Louer une moto électrique exige de vérifier le permis, l’autonomie réelle, la recharge, la caution et l’assurance. Repères de prix, règles françaises et méthode de réservation.

La rédaction de TIC Migrations

Publié le · Mis à jour le

16 min de lecture
Motard casqué branchant une moto électrique à une borne de recharge urbaine
Motard casqué branchant une moto électrique à une borne de recharge urbaine

L'essentiel en 5 points

  • Une location électrique coûte généralement de 55 à 160 € par jour selon la catégorie et la ville.
  • Le permis requis dépend de la catégorie inscrite sur la carte grise, pas de la puissance maximale affichée en publicité.
  • L’autonomie annoncée doit être corrigée selon la vitesse, le froid, le dénivelé, le poids transporté et le style de conduite.
  • La caution, souvent comprise entre 500 et 4 000 €, et la franchise déterminent le risque financier réel.
  • Une moto électrique n’émet pas de gaz d’échappement en circulation, sans être pour autant dépourvue d’impact environnemental.

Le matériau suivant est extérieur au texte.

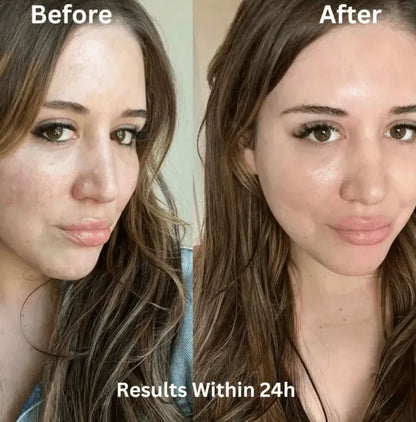 Bio Collagen Mask - Buy 1 Get 1 FREE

Louer une moto électrique permet de circuler sans bruit de moteur thermique, sans passage à la pompe et, à l’usage, sans émission de gaz d’échappement. Pour un trajet urbain, une escapade de quelques heures ou l’essai d’un deux-roues avant achat, c’est une solution pratique à condition de choisir une machine adaptée à son permis et à son parcours.

Le mot « moto » recouvre pourtant des réalités très différentes. Un scooter électrique limité à 45 km/h, un équivalent 125 et une moto routière de plusieurs dizaines de kilowatts n’ont ni la même autonomie, ni le même prix, ni la même caution. La puissance commerciale, parfois exprimée en puissance de pointe, ne suffit pas à déterminer le droit de la conduire.

Avant de réserver, il faut donc arbitrer entre distance, vitesse, accès à la recharge, budget et niveau de protection d’assurance. Ces repères permettent de lire une annonce de location, d’éviter une restitution facturée et de savoir si la moto électrique est réellement préférable à un scooter, un vélo ou aux transports collectifs pour le déplacement envisagé.

01 Pour quels trajets la location de moto électrique est-elle pertinente ?

Pour un usage urbain ou périurbain de 15 à 60 km dans la journée, un modèle équivalent 50 cm³ ou 125 cm³ est souvent le plus simple. Il procure des accélérations immédiates, se gare plus facilement qu’une voiture et convient bien aux zones à circulation dense. Une machine limitée à 45 km/h reste en revanche inadaptée aux voies rapides et aux longs axes départementaux roulant à 80 km/h.

Une moto électrique plus puissante peut convenir à une journée de balade ou à un déplacement interurbain, mais impose un itinéraire compatible avec sa recharge. À vitesse soutenue, par temps froid, avec un passager ou dans des reliefs marqués, l’autonomie utilisable peut descendre de 25 à 45 % par rapport à une valeur d’homologation. Il faut raisonner avec une marge, pas avec le chiffre idéal annoncé.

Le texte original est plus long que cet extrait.